For centuries, mankind has mastered the art of butchering to bring the best cuts of meat to our griddles. Blackstone searched high and low for the best chef’s secrets and cooked up dishes to showcase the 5 essential meat cuts that work best on the griddle. Not only are these cuts delicious, they’re affordable, so you can enjoy a meal rich in protein and flavor without breaking the bank. Check the 5 essential meat cuts and get your griddle fired up and toasting!
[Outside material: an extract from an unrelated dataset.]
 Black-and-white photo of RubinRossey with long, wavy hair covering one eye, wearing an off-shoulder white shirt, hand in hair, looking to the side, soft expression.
Blackstone’s Meat Shopping Checklist
Before we reveal our 5 essential meat cuts, it’s important for you to know how to shop for meat. Learn what makes meat tasty, and you’ll never eat another dried-up cut of beef again. Prepare yourself for your next trip to the butcher with these questions below. We guarantee you’ll notice the difference next time you hit the griddle.
- Does the meat cut have marbling (fat)?
- Is the meat firm, dry, and young?
- Is the color deep and red?
- Is the meat cut smooth on the sides?
- Are there no juices in the packaging?
- Is the meat cut evenly thick (without any lumps)?
- Are you buying early, so you can store the meat in your fridge for 2-3 days and make it more tender?
Blackstone’s Essential Meat Cuts
Blackstone has been griddlin’ for years. Families have tried out everything on their Blackstone griddles from breakfast items and traditional meat cuts all the way to fajitas and pizza! With virtually limitless options, we’ve had to narrow it down to just five, which we’ve selected based on their unique flavor, accessibility and price point.
#1 Ribeye Steak
Ribeye Steak is a tender cut straight from the upper rib cage of the cow. It’s well-marbled, stocked in fat and rich in taste. This muscle is barely worked during the animal’s lifespan, and it shows when sizzling up on the griddle - smooth, buttery and loaded with flavor. Ribeye steaks can be pricey, but they are totally worth it. This cut is tender and juicy so all you need is a bit of salt and pepper. Garlic and fresh herbs go a long way with these meat treats too. Head to the butcher’s and look out for the marbling. The more, the tastier and tender your meal will be. Steaks are sold by weight so remember that when buying a bone-in cut... then again, chewing on beef bones is pretty amazing... if you're into that.
#2 Top Sirloin
Top sirloin comes from the section just above the rump (or round) on a cow. This well-worked muscle can easily get tough when cooked incorrectly, but prepared with the right amount of heat and correct seasonings, a top sirloin can be even tastier than the most expensive prime meat cuts. This economic dish is worth its buck in versatility and flavor. Its low-fat content makes it a top choice for those following a low-fat diet. When buying a sirloin steak, look for even marbling.
#3 Flank Steak
A beefy cut set just below the belly of the cow, the flank has a rich beef flavor and is excellent for uses in stir-fry or fajitas. The heavy grain can be on the tougher side, but if seasoned or marinated just right, the flank steak can provide a delicious, pull-apart tender meal your family is sure to love. Once your flank is cooked, be sure to cut against the grain of the meat for a more tender serving. Look for a lean cut with uniform color when you go to the butcher’s counter.
#4 Turkey Breast
This Thanksgiving staple is a classic for all the good reasons. Moist, tender and low in fat, this meat cut is rich where it counts in iron, protein, and zinc. Not just for your holiday table, turkey breast can be a great substitute for chicken and makes a great alternative all year round. When you head to the butcher, it’s important to consider how you’ll use it. Fresh turkey has more flavor but isn’t always available and frozen turkey is an option. If you decide to use a frozen turkey, brined turkey is cheaper, but the texture of the meat can be more spongy. Natural turkeys have more flavor for only a few more dollars. For a unique dining experience, you can cook a Heritage Turkey, descendants of the original birds from our homeland.
#5 Chicken Legs
Chicken Legs are savory, easy to cook, and cheap. You can buy a large pack of chicken legs anywhere for only a few dollars and easily cook them on the griddle. Kids love holding these crispy treats by the bone. Serve these well-seasoned to make any game day or backyard party a blast. Hey, bet you didn’t know they are also rich in vitamin B. The key to buying good chicken is color. Look out for creamy-white and avoid chicken that’s gray or pasty. Fresh chicken should smell like nothing at all.